# Action item
The entries that follow must be given again exactly, with the pictures excluded.

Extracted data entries
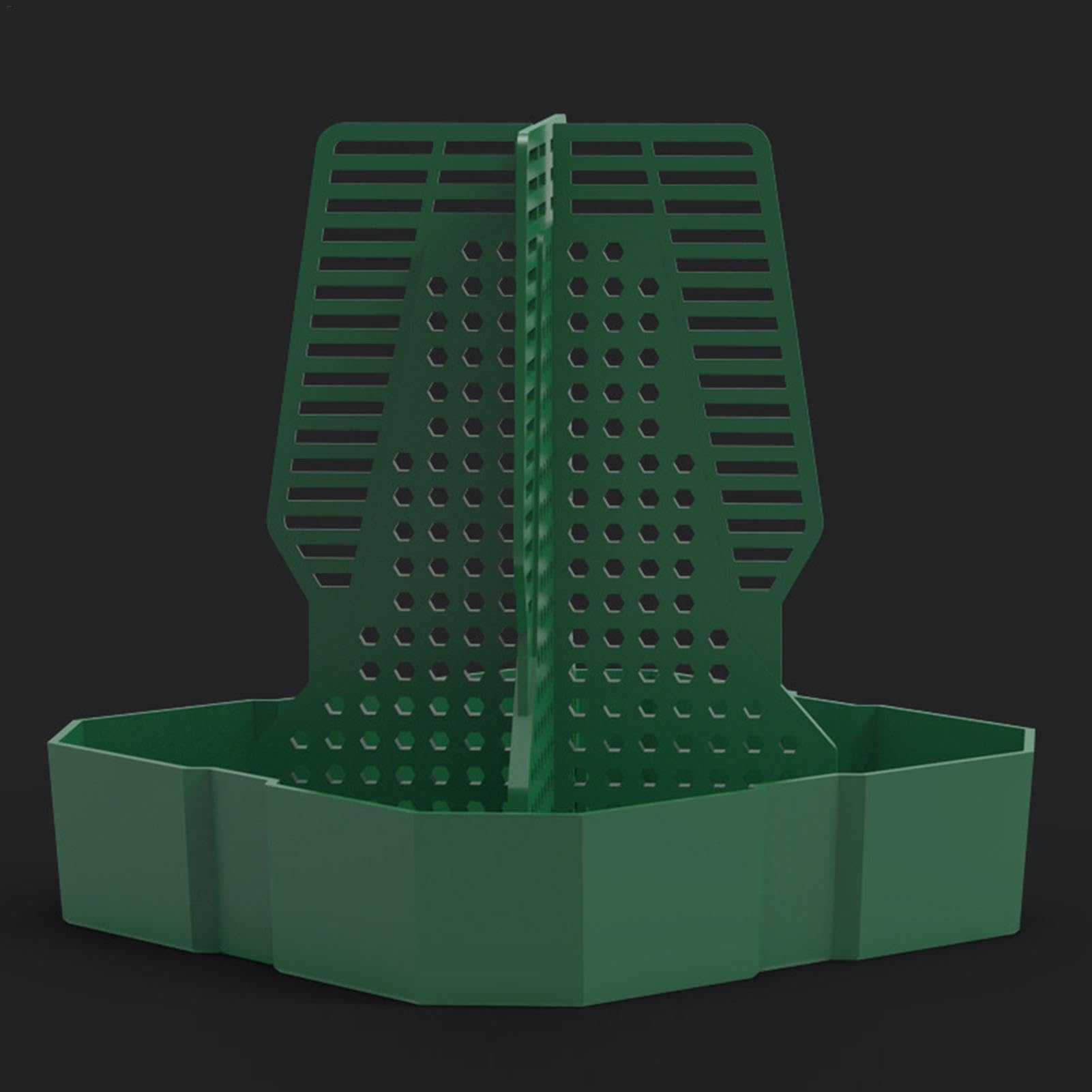Karmnik | Organizator ?ywego | Podajnik superrobaków | Akcesoria do karmienia kameleona z 11,2 x 11,2 x 12 cm / 4,41 x 4,41 x 4,72 Idealny dla zdobyczy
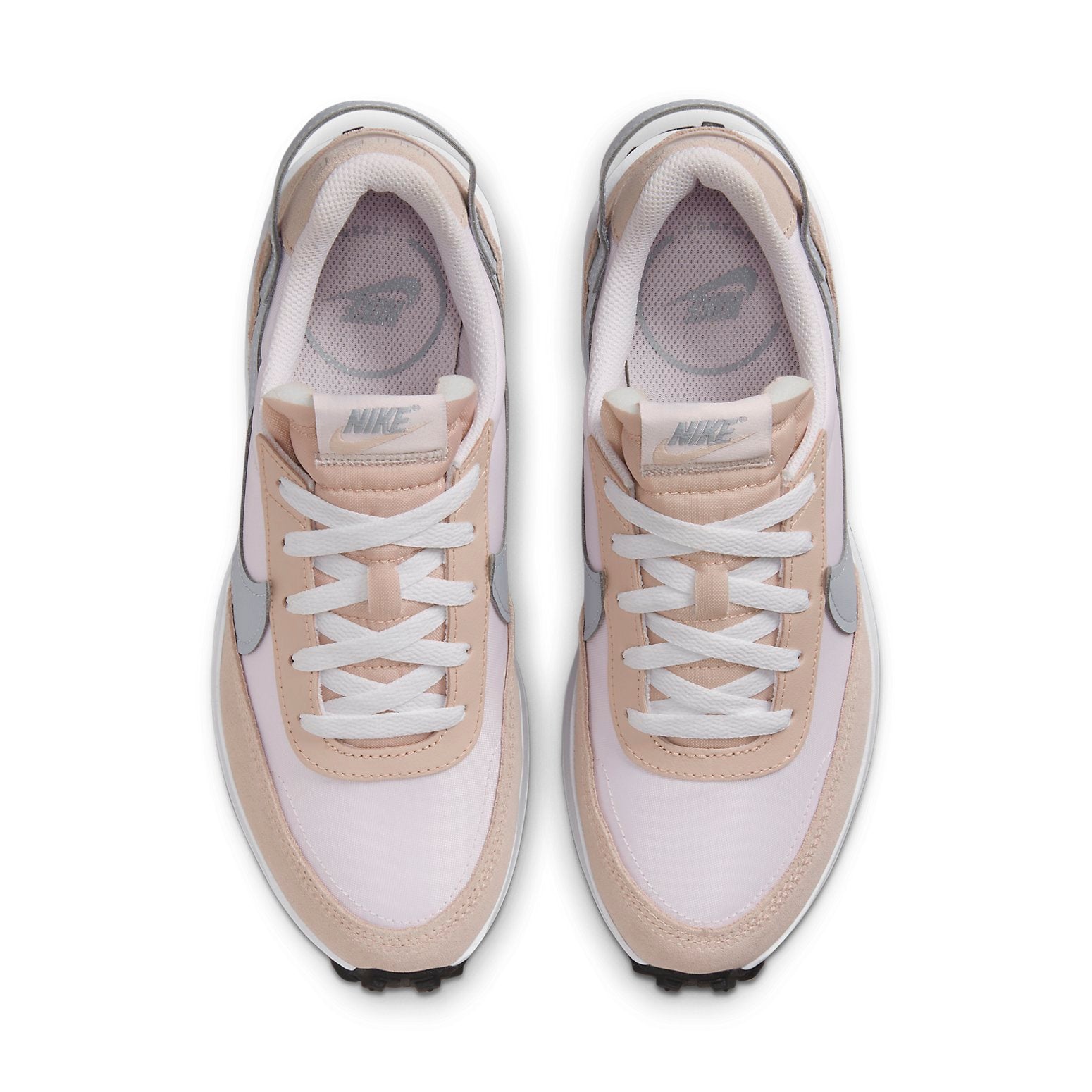 (WMNS) Nike Waffle Debut 'Pink Oxford Grey' DH9523-603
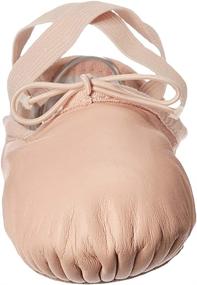 img 3 attached to Bloch Womens Prolite Leather Slipper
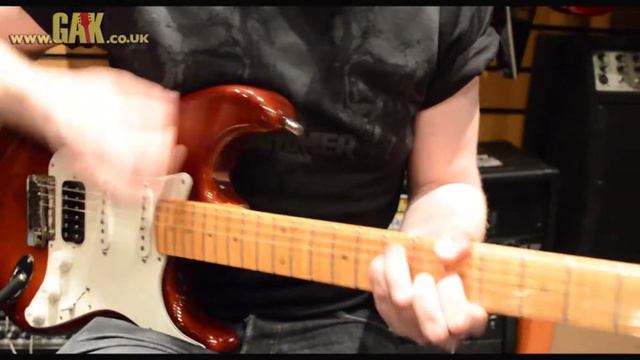 Fender - Competition Series Distortion & Drive Pedals Demo at GAK смотреть онлайн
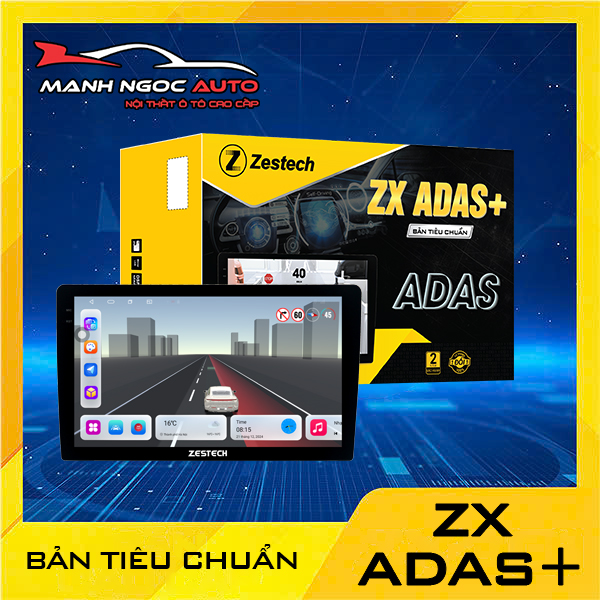 Màn Hình Ô Tô Android ZX ADAS+ Bản Tiêu Chuẩn Màn Hình Ô Tô Android ZX ADAS+ Bản Tiêu Chuẩn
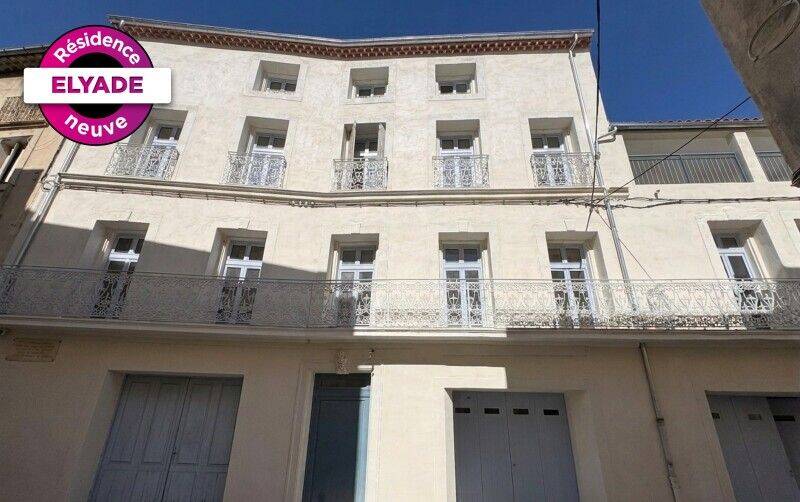 Appartement 2 pièces 40 m² · à Béziers · 39,7 m² · 545 €/mois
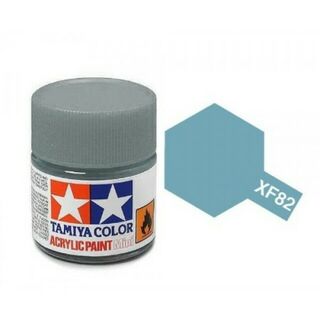 Tamiya Colour Acrylic Paint Mini 10ml - XF82 Ocean Grey 2 (RAF)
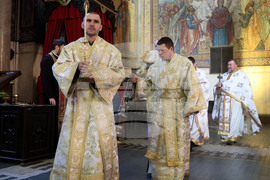 Варна - Стефановден - литургия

# Exercise solution
Karmnik | Organizator ?ywego | Podajnik superrobaków | Akcesoria do karmienia kameleona z 11,2 x 11,2 x 12 cm / 4,41 x 4,41 x 4,72 Idealny dla zdobyczy
 (WMNS) Nike Waffle Debut 'Pink Oxford Grey' DH9523-603
 img 3 attached to Bloch Womens Prolite Leather Slipper
 Fender - Competition Series Distortion & Drive Pedals Demo at GAK смотреть онлайн
 Màn Hình Ô Tô Android ZX ADAS+ Bản Tiêu Chuẩn Màn Hình Ô Tô Android ZX ADAS+ Bản Tiêu Chuẩn
 Appartement 2 pièces 40 m² · à Béziers · 39,7 m² · 545 €/mois
 Tamiya Colour Acrylic Paint Mini 10ml - XF82 Ocean Grey 2 (RAF)
 Варна - Стефановден - литургия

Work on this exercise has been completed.